Lale Neyi Temsil Eder?.. (I)
Kırmızı renk; tutkuyu, sevgiyi verirken, Beyaz renk; akı-pakı, içtenliği teslimiyeti yansıtır.. Renklerin dili kadar, çiçeklerin de dili vardır.
Gül Hz. Peygamberi, Lale Allah’ı temsil eder, hem de tüm renkleriyle..
'Lale'ye dair makale yazmaya başladıktan sonra, gördüm ki uzun bir yazı olmuş.
Bende, siz Güzel Okurlarımızı sıkmamak için Makalemi ikiye böldüm.
Aşağıda okuyacağınız bu makale bir araştırma makalesi olup, Tasavvuf dilinde olduğu için biraz ağırdır ama faydalı bir yazıdır..
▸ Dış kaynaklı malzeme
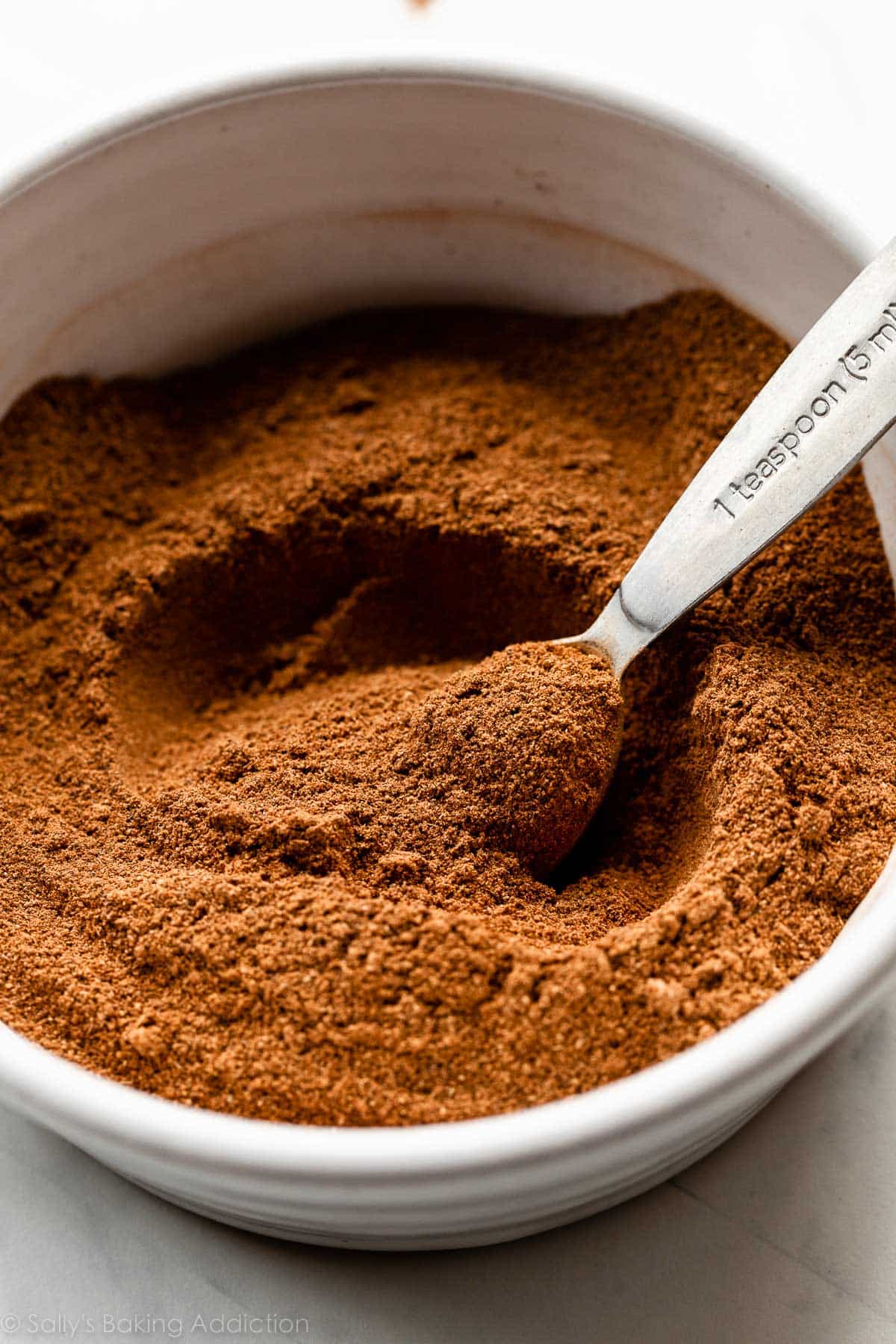 big white bowl of homemade pumpkin pie spice.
ikincisi bölümü ise halk diliyle yazılmıştır. Bu makalenin ardından da ikincisi yayınlanacaktır.
Bu güzel çalışmayı sonuna kadar okuma sabrını gösterebilirseniz, içinizin mutlulukla kapladığını göreceksiniz..
……
‘Lale’ Tasavvufta Allah’ın birliğini temsil eder..
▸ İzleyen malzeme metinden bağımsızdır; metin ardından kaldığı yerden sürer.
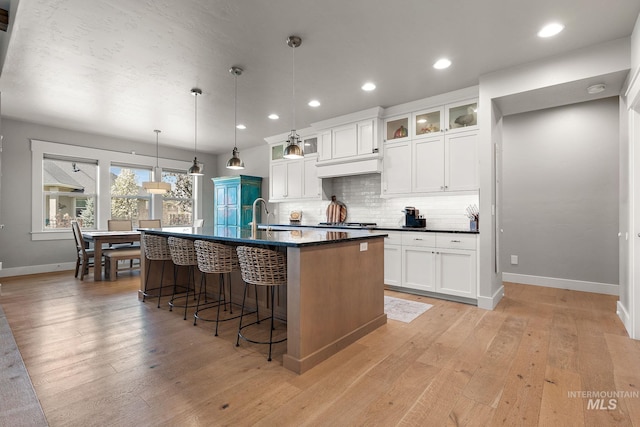 1315 N Luge Ave, Eagle, ID 83616 - kitchen with baseboards, light wood-style floors, an island with sink, a breakfast bar, and recessed lighting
Lâle, kelime olarak ele alındığında Arapça "Allâh" lâfzına âit harfleri taşımakta olduğu görülür.
Lâlenin harfî manası "hilâl"e de ulaşmaktadır. Bir semâzenin en makro hâlidir, hilâli çevreleyen yıldızlar… Onlar semâdaki hilâlin parıltılarıyla yol alır, yıldızlarla semaya dururlar.
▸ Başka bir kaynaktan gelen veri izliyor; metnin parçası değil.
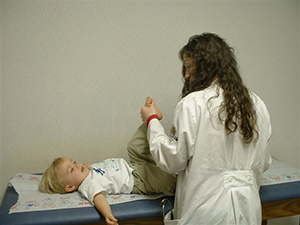 Doctor examing a toddler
Biz millet olarak hilâl'i islamın simgesi haç'a karşı bizim simgemiz olarak görmüşüzdür. Hilâl ve Lale kelime olarak ikisi de 66 ya tekabül ediyor bu nedenle de lale’yi Cenab-ı hakkın simgesi olarak saymışız.
(Ebcet, Arapça derin ve zor bir ilimdir. Ebcedi bilmekle amel etmek farklıdır. Kısaca merak edenler için ebcet; her bir Arapça harf karşılığında bir rakam vardır. Bu rakamlar hesaplanarak istenilen sonuca ulaşılır.)
Lâlenin ebcet hesabıyla Altmış altı "Elhamdülillâh"a denk gelir. Onlar o hayret makamının coşkusuyla yaşadığı istiğrak hâline hamd ederek "Elhâmdülillâh" derler.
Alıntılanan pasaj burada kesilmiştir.